#### Task instructions:
Only the text belongs in the copy. Transcribe the data exactly and drop any pictures.

#### Material provided:
-*-*-
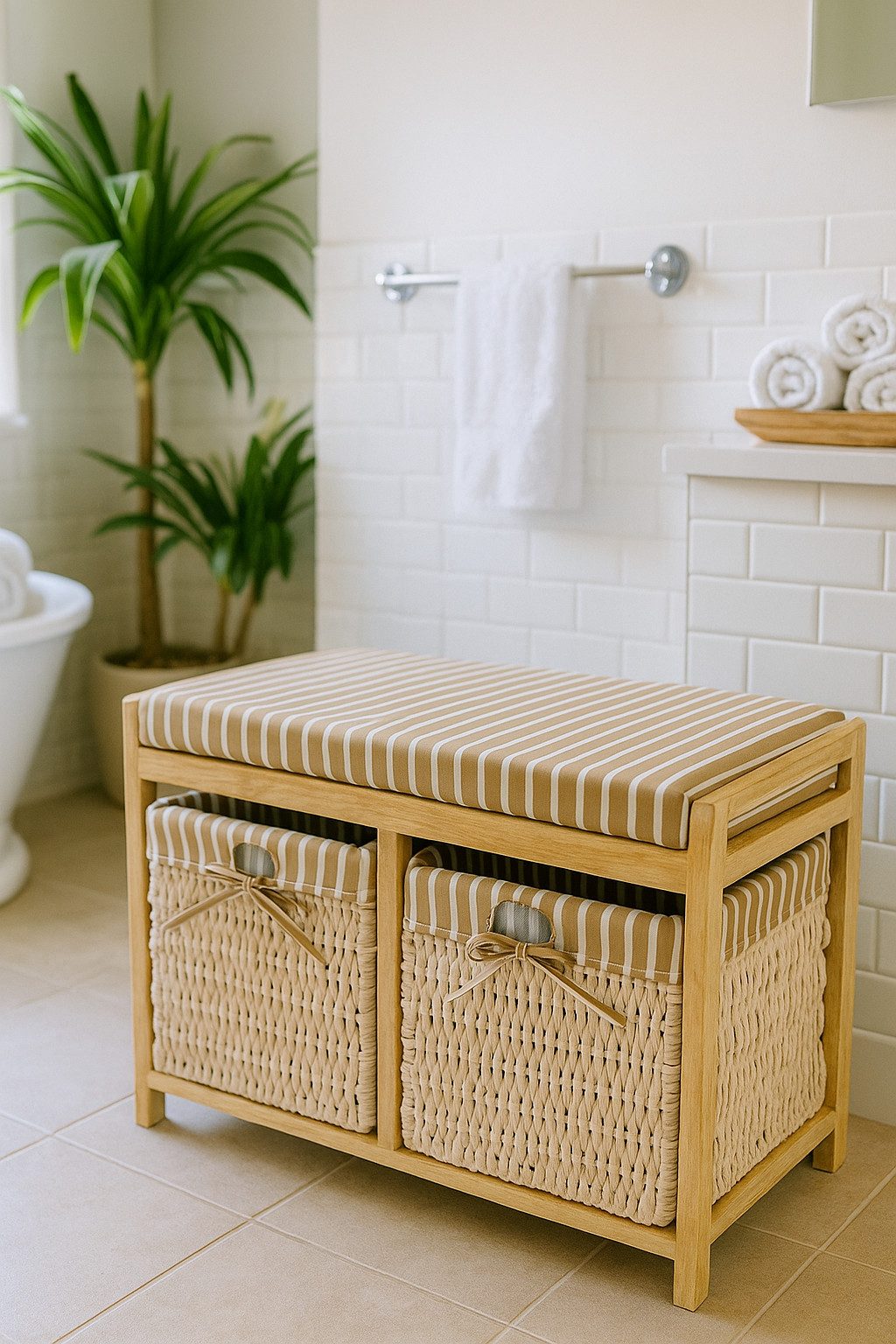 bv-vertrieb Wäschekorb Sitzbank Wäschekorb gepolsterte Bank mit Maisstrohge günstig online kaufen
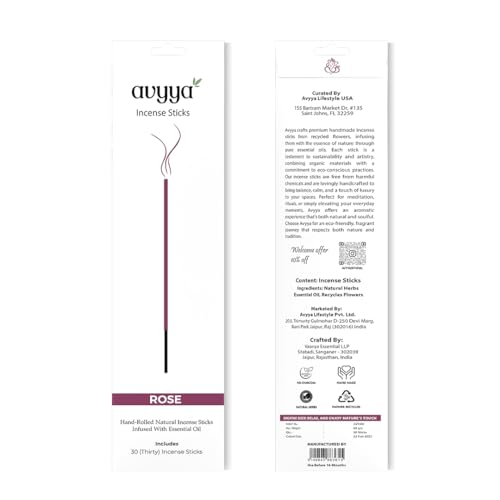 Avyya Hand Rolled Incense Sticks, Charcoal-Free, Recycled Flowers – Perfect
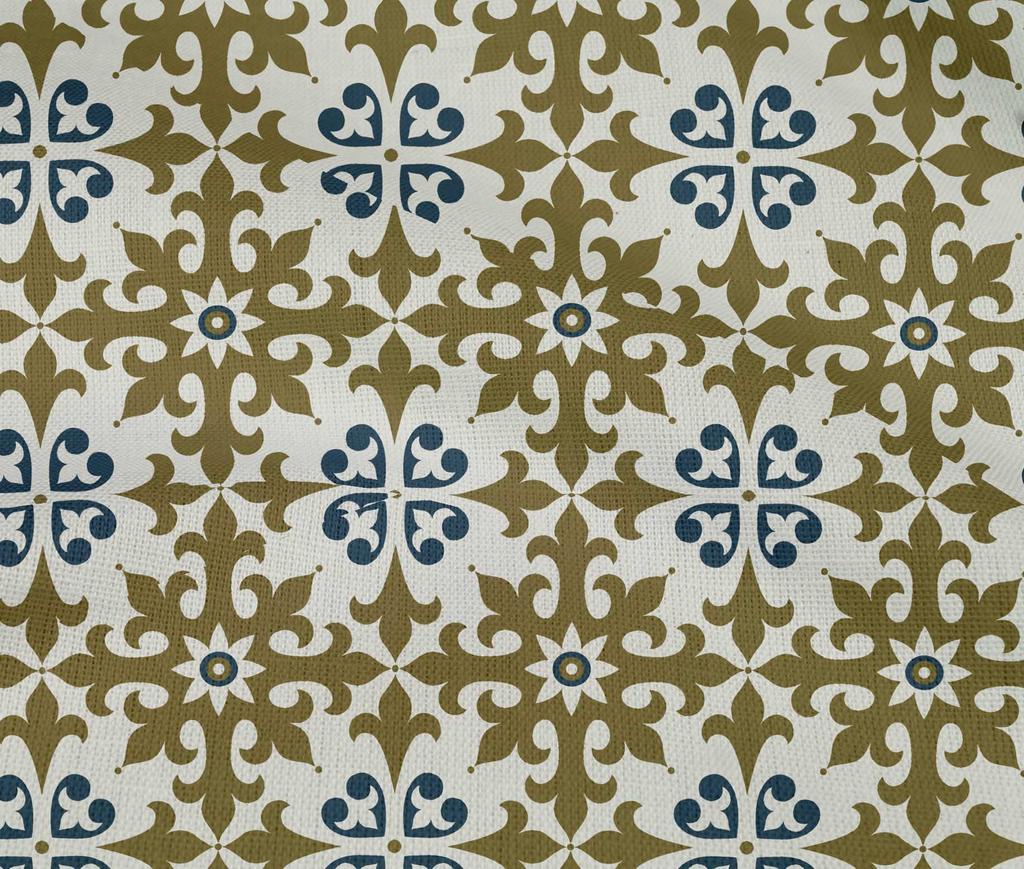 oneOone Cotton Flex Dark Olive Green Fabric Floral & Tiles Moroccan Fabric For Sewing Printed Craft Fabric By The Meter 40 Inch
-*-*-
#### Answer box:
 bv-vertrieb Wäschekorb Sitzbank Wäschekorb gepolsterte Bank mit Maisstrohge günstig online kaufen
 Avyya Hand Rolled Incense Sticks, Charcoal-Free, Recycled Flowers – Perfect
 oneOone Cotton Flex Dark Olive Green Fabric Floral & Tiles Moroccan Fabric For Sewing Printed Craft Fabric By The Meter 40 Inch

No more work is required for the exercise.